* _Raw data_
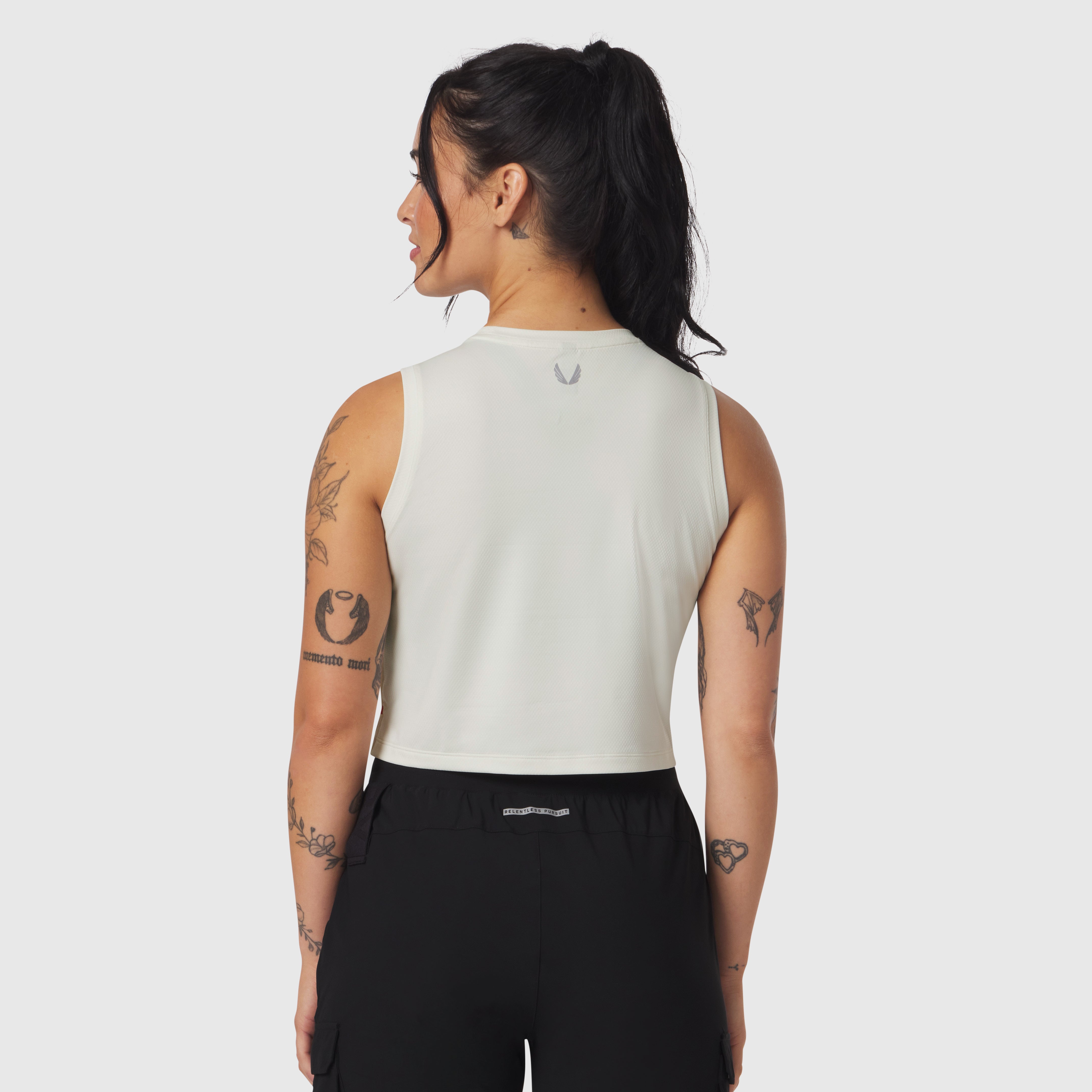 AeroSilver® Tank Top in Ivory Cream worn by model, back view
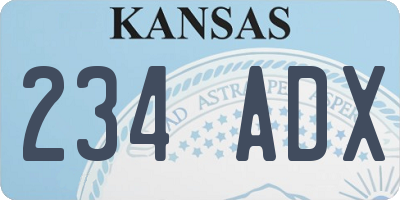 KS license plate 234ADX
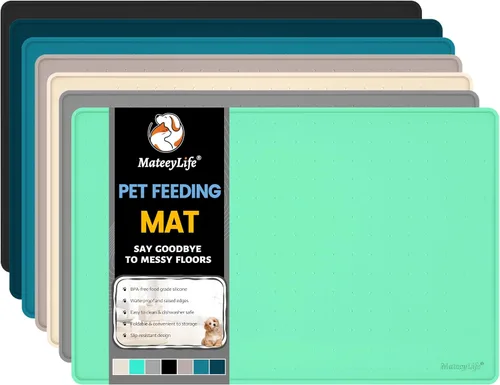 Vista 12 de MateeyLife Tapete de Silicona para Comida de Gatos y Perros para Pisos Impermeable, Tapetes Antideslizantes para Tazones de Perros para Comida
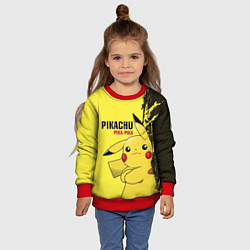 Свитшот детский Pikachu Pika Pika, цвет: 3D-красный — фото 2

* _Exercise directions_
Beginning with the line that has "Vista 12 de", repeat each remaining line of the data above word for word, keeping pictures out.

* _Output for this task_
 Vista 12 de MateeyLife Tapete de Silicona para Comida de Gatos y Perros para Pisos Impermeable, Tapetes Antideslizantes para Tazones de Perros para Comida
 Свитшот детский Pikachu Pika Pika, цвет: 3D-красный — фото 2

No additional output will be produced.